There are lots of factors behind the disappointingly weak economy. Dysfunctional politics in Washington and a national unemployment rate of 9.1%. Europe's never-ending Mediterranean sovereign debt crisis. A slowing global economy.
The epicenter of America's sputtering economy is the long-term trend of stagnant to lower earnings for everyone but the top 1% of the income spectrum. Over the past four decades Corporate America has restructured, downsized, right-sized, and reengineered millions of people out of their jobs while putting the squeeze on the wages of remaining workers.
Daily living has turned into a high-wire act for just about everyone--from the blue-collar worker that managed to find a job as a security guard making minimum wage to the local government payroll processor worried that his job might be outsourced to India to the middle manager turned consultant after her position was eliminated during the Great Recession. Pensions are vulnerable to the manic whims of the market.

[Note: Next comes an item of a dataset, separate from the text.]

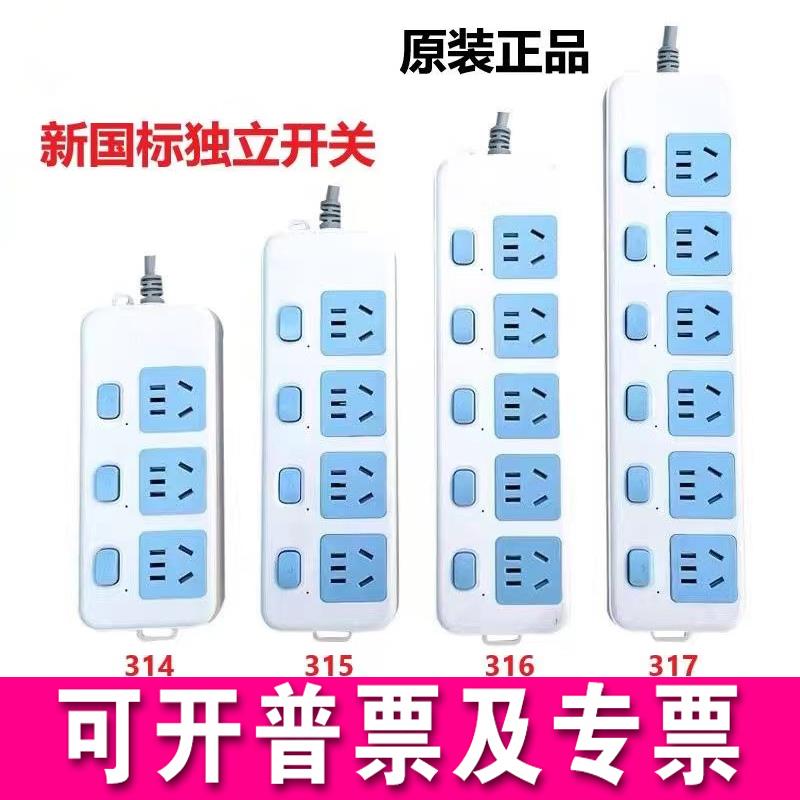 正品排插插排接线板拖线板线盘系列产品定制客户专拍接线板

Put it this way: When do you think ordinary workers with families will feel comfortable walking into the boss's office and saying, "Give me a 10% raise or I'll quit!" The most likely answer for years to come will be, "We'll miss you. Goodbye."
Eventually, we might get a substantial bounce in the economy. But the economy will continue to sputter along over the long haul without substantially improving the wages and incomes of ordinary workers and not just the rewards to CEOs and hedge fund managers.
The veteran value investor Jeremy Grantham of the money management firm GMO in his latest newsletter emphasizes the tenuous position of the U.S. worker. (The newsletter is rich with insight about the economy and investing. It's a must-read. I'm focusing on what he says about the plight of the U.S. worker.)
Two years ago Grantham argued that the faced 7 painful, lean years of economic growth recovering from the housing bust and Great recession. In GDP terms, that means growing at a 2% to 2.25% annual rate, far below the 3.5% pace we got used to in the previous three decades.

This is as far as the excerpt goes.